Degree Name

Master of Science - Research


Department of Biomedical Science


Regular consumption of fish is associated with low morbidity and mortality from acute and chronic cardiovascular disease in humans. Fish are known to contain high concentrations of essential omega-3 (now referred to as n-3) polyunsaturated fatty acids (n-3 PUFA) eicosapentaenoic acid (EPA 20:5 n-3) and docosahexaenoic acid (DHA 22:6n-3). Experimental studies modelling cardiovascular disease in animals show that feeding fish oils provides many cardioprotective actions and those directly related to heart function (prevention of fatal cardiac arrhythmias; preconditioning, heart rate slowing, prevention of heart failure) are associated with the incorporation of the diet – derived n-3 PUFA into myocardial membranes. Human red blood cell (RBC) membrane EPA+DHA concentration has been found to correlate inversely with adverse cardiovascular outcomes and is proposed as a cardiovascular risk factor (termed the Omega-3 Index). The use of this readily obtained marker as a risk factor is based on the premise that it reflects the composition of the myocardium at risk. However this is by no means certain as, in animal tissues DHA is incorporated into myocardium well above circulating levels with little EPA detectable, whereas EPA and DHA are better matched within RBC membranes. There are large variations in relative concentrations of n-3 PUFA amongst other tissues in animals and in man. While there is a growing body of data on human atrial tissue obtained during surgical procedures, and blood samples are readily obtained, the limited data on the fatty acid composition of human ventricular myocardium is largely from cadaveric samples. It remains to be confirmed that the omega-3 index can be reliably used as a marker of the composition of the human ventricle and therefore an indicator of risk of cardiac morbidity and mortality. Objectives: To establish the fatty acid compositional profile of human ventricular myocardium and the relationships between EPA+DHA in human RBC, atria and ventricle.

Methods: This thesis combined two separate studies in which the fatty acid composition of both atria and ventricles were analysed from fresh, donor hearts and freshly explanted failing hearts, all made available through a heart transplant program, and right atrial biopsy and red blood cells were analysed from subjects undergoing cardiac surgery. Surgical subjects were additionally randomised to receive a daily supplement of 1g fish oil or placebo, commencing at the time of pre-admission check (baseline). Blood samples were taken at baseline and blood and atrial samples were taken perioperatively.

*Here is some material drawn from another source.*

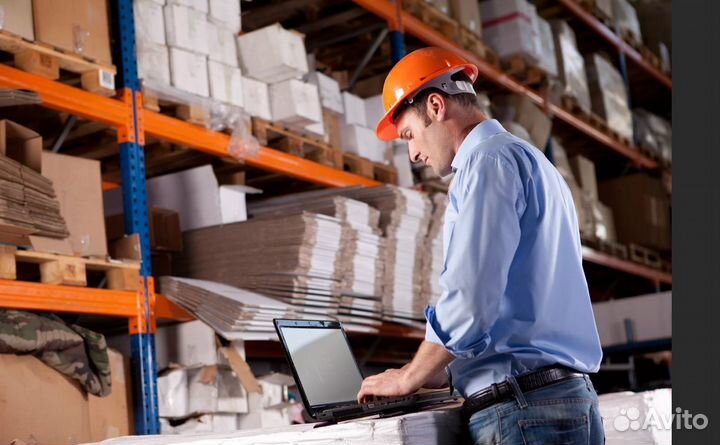 Заместитель начальника склада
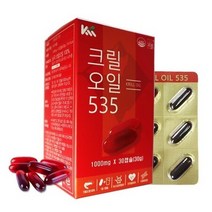 프리미엄 크릴새우 오메가3 고함량 크릴오일 영양제, 상세페이지 참조, 상세페이지 참조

Results: DHA was identified as the major n-3 PUFA in all tissues, with concentrations significantly higher than EPA and the n-6 PUFA arachidonic acid (AA) and linoleic acid (LA) were the predominant PUFA (left ventricle: DHA 4.60±1.50; EPA 0.69±0.33; AA 22.95±2.97; LA 20.66±2.55 mean%±SD, N=38). Patterns of incorporation were different in different tissue types however no differences were seen between biopsy samples of right atria and donor right atria in the separate studies. Supplementation with fish oil significantly elevated RBC and atrial biopsy EPA+DHA. Despite variations in proportions of EPA and DHA from tissue to tissue and even greater variations between subjects, the concentration of EPA+DHA always provided the best tissue to tissue correlation within subjects. It was highly correlated between RBC and right atria biopsy (r2 = 0.4, P=0.0004) and between right atria donor and left ventricle donor (r2=0.7, P

Conclusions: This thesis has established that DHA is the main n-3 PUFA in human heart as it is in animal studies, with a range that overlaps with unsupplemented and lowdose supplemented laboratory rat. The DHA concentration is elevated as an apparently compensatory response to stressors and in response to dietary fish oil, as it is in animal studies. With DHA commonly the main n-3 PUFA of table fish, but EPA the principle n-3 PUFA provided as supplements in many clinical trials, establishing the pre-eminent position of DHA amongst n-3 PUFA in human myocardium increases confidence in the consistent human epidemiological studies associating usual fish consumption with cardiovascular outcomes and in translating outcomes of animal studies to interpret mechanisms of n-3 PUFA action in man. It also may provide some explanation for the more variable outcomes of clinical trials.

Despite the consistent predominance of DHA over EPA and variations in their relative concentrations in myocardium and RBC, this thesis has established that the omega-3 index provides the most robust correlations of red blood cells with human heart tissue and can be regarded as a good indicator of myocardial membrane n-3 PUFA composition, confirming its potential as a marker of cardiac-associated risk.